22      That withdrawal of the contested act, in view of its retroactive nature (see, to that effect, judgment of 17 April 1997, *de Compte* v *Parliament*, C‑90/95 P, EU:C:1997:198, paragraph 35), results in the action becoming devoid of purpose (see, to that effect, judgments of 7 June 2007, *Wunenburger* v *Commission*, C‑362/05 P, EU:C:2007:322, paragraphs 48 and 49; of 4 September 2018, *ClientEarth* v *Commission*, C‑57/16 P, EU:C:2018:660, paragraph 45, and of 21 January 2021, *Leino-Sandberg* v *Parliament*, C‑761/18 P, EU:C:2021:52, paragraph 33).

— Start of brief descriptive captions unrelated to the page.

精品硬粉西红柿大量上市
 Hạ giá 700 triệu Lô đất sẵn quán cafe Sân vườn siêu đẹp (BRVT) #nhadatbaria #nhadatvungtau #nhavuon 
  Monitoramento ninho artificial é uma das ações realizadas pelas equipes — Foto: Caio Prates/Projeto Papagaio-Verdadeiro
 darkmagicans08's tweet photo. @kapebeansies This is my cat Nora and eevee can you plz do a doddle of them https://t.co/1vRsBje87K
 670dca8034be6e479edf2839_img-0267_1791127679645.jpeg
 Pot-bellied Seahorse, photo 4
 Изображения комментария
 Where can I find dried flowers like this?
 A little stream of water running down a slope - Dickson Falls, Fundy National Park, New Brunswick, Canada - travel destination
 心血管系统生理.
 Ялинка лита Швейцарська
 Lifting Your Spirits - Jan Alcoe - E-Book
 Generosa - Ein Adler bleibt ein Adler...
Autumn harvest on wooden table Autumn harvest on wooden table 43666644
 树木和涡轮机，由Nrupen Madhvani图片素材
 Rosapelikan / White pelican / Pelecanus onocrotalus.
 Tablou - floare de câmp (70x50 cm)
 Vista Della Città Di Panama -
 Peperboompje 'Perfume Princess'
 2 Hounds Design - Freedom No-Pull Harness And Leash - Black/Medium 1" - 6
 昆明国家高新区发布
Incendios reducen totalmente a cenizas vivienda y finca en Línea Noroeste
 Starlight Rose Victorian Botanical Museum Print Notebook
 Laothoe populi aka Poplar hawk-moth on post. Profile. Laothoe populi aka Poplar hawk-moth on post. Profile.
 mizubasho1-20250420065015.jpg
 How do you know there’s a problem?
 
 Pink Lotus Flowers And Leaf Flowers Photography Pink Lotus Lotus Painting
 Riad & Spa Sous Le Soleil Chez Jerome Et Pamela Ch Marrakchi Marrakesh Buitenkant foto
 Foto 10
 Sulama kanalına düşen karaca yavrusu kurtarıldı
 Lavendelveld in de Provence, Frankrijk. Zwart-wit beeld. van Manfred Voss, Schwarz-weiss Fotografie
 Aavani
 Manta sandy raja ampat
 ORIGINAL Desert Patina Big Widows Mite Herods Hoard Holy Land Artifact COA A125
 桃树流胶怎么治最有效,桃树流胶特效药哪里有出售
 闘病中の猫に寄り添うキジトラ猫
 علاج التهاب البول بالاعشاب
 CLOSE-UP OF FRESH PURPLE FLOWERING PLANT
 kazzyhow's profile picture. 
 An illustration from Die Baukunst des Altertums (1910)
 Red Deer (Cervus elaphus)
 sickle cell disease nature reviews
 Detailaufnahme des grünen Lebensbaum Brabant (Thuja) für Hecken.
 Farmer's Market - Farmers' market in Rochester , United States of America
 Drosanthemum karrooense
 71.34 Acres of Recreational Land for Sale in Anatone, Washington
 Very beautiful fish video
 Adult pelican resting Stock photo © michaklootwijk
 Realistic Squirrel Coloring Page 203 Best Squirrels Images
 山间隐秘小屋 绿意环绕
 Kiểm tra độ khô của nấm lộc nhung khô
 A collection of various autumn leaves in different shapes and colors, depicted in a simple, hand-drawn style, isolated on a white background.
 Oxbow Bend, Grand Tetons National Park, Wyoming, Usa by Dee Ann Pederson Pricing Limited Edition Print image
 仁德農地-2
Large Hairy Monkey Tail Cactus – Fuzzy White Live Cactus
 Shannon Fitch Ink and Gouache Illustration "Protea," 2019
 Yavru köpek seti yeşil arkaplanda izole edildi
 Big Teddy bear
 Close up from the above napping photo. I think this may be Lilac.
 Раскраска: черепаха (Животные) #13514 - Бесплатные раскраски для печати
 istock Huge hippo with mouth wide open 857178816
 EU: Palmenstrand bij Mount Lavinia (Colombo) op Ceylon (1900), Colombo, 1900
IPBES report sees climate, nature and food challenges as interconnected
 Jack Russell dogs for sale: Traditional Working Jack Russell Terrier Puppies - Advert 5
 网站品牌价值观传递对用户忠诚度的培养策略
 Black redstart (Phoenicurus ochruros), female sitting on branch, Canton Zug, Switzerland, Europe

23      In such a case, consideration of an action against an implied decision cannot be justified either by the objective of preventing the alleged unlawfulness from recurring or by that of facilitating potential actions for damages, since it is possible to attain both those objectives through consideration of an action brought against the express decision (see, to that effect, judgment of 10 December 2010, *Ryanair* v *Commission*, T‑494/08 to T‑500/08 and T‑509/08, EU:T:2010:511, paragraph 46 and the case-law cited).

24      In the present case, the adoption of the express confirmatory decision, in so far as it rejected the applicant’s application, had the effect of partially withdrawing the contested decision and therefore eliminated, in that regard, the purpose of the present action, which sought the annulment of that decision.

25      That conclusion cannot be called into question by the applicant’s arguments concerning the express rejection of her application.

26      Thus, the applicant submits that the express rejection of her confirmatory application is void and ineffective by reason of the abnormally long time taken to process it and that, consequently, it is not ‘enforceable’ against her.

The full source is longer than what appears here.